## Provided data

_ _ _ _ _ _ _

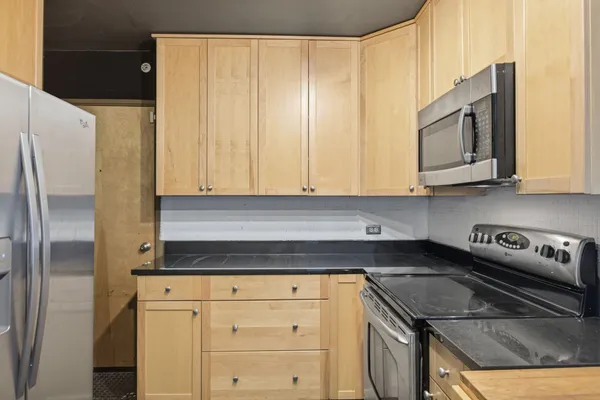 $350,000 | 3415 West End Avenue, Unit 1012, Nashville, TN 37203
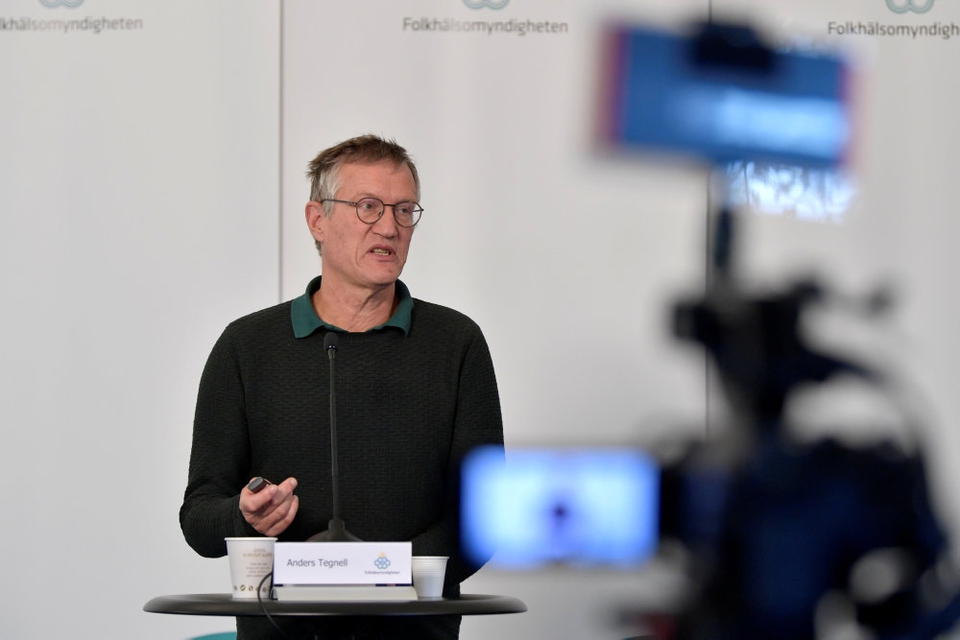 Statsepidemiolog Anders Tegnell (billedet) får kritik af en tidligere svensk statsepidemiolog for strategien under coronakrisen.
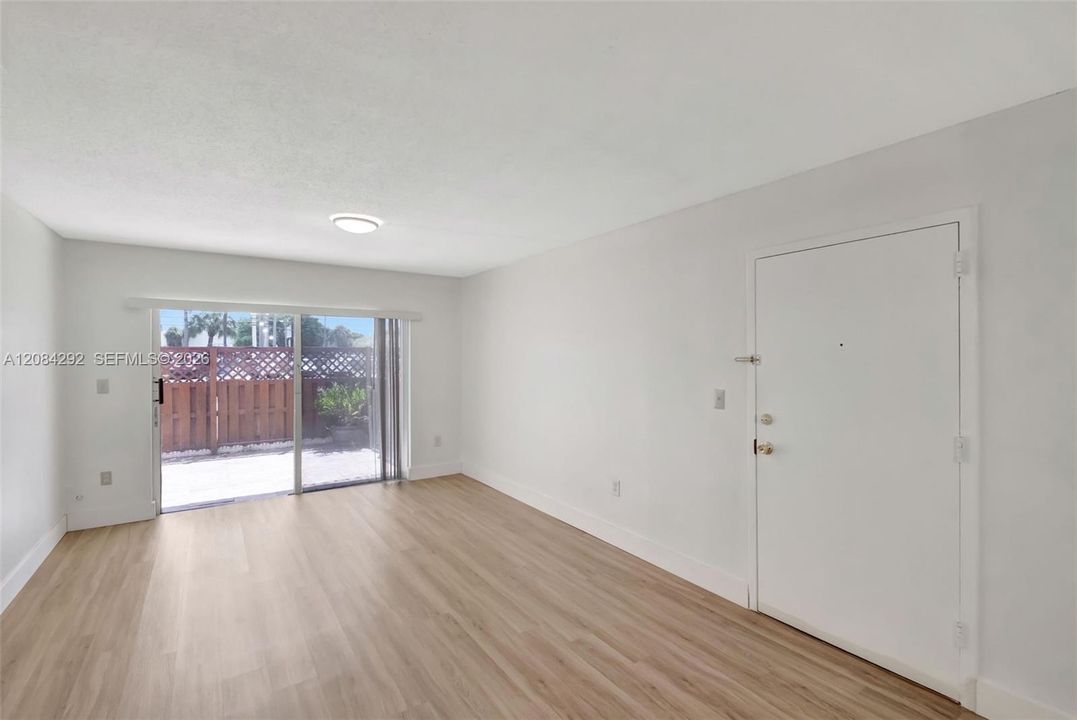 For Rent: $2,350 (2 beds, 2 baths, 1061 Square Feet)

_ _ _ _ _ _ _

## Exercise aim
Excluding pictures, reproduce the listing above exactly as it stands.

## Written solution
 $350,000 | 3415 West End Avenue, Unit 1012, Nashville, TN 37203
 Statsepidemiolog Anders Tegnell (billedet) får kritik af en tidligere svensk statsepidemiolog for strategien under coronakrisen.
 For Rent: $2,350 (2 beds, 2 baths, 1061 Square Feet)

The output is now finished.